Process instance incidents and synchronous service tasks

Cristian · May 28, 2021, 11:33pm

Hi there,

By reading Camunda documentation on incidents, I did not feel I am fully clear about how incidents creation and handling works. I would like to get some clarification about a less touched aspect of incidents. That is when talking of an incident, are we talking about a wait state in the process where we are stuck because of something having gone wrong (ie, the incident effect on the process execution) or about the element of process which caused it to be stuck in a wait state (ie, the incident cause). In concrete terms, imagine we have a process with one user task followed by a service task. When attempting to complete user task, an exception could occur not only while executing user task logic, but also while executing the service task, in which case the cause of incident is the service task logic. Would we say there was an incident on user task (as an effect) or on service task (as a cause) in this case? I would sure hope Camunda process engine would create an incident via some registered incident handler, but the only ones it supports are of type failedJob and failedExternalTask. I tried to register another kind of custom incident handler, but it wasn’t invoked at all on service task exception. I assume either I am not doing it right or maybe there is a reason for this, so could anyone clarify, please? I know I could make the service task asynchronous and reduce it to a job, but I am not satisfied with this approach.

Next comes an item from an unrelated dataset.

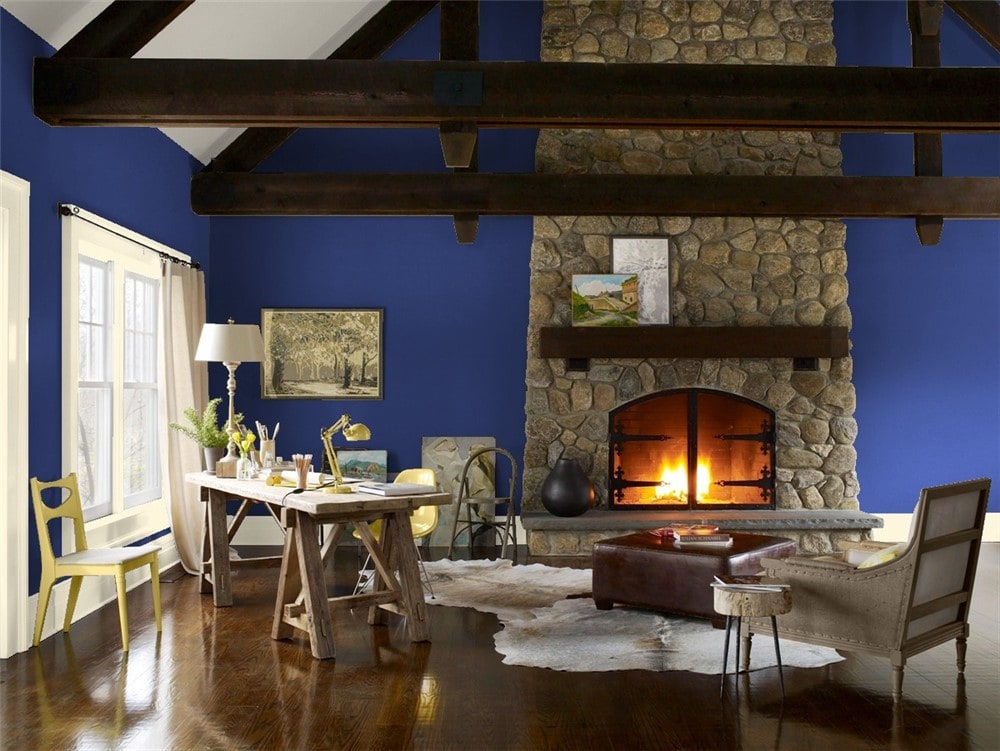 10 Admiral Blue by Benjamin Moore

It makes sense in my mind to be able to generate incidents for any kind of process instance failure (except for failing to start it, of course). After all, that’s how it is defined in the documentation.

Thank you,

Cristian

Niall · May 31, 2021, 10:15am

Hi @Cristian
Welcome to the forum. Let me try to explain why the following is happening

Firstly - let me clarify a really important point about Incidents that will make it clear why adding Async is important for incidents to be triggered.
Incidents are only triggered when an error happens on a thread that is owned by the engine.
So, when a user task is being completed, it’s completed by a thread emanating from the end user and so when the error occurs it rolls back to where the tread started (the user’s front end) the engine doesn’t get the opportunity to intercept this and deal with it as an incident.

Amount other things adding asynchronous before/after will complete the current thread and the engine itself will pick up where it left off and continue running the process itself. So in this case when error occurs it rolls back to the originator of the thread which is the engine itself, so it will then created the incident.

I hope that gives you some additional clarity.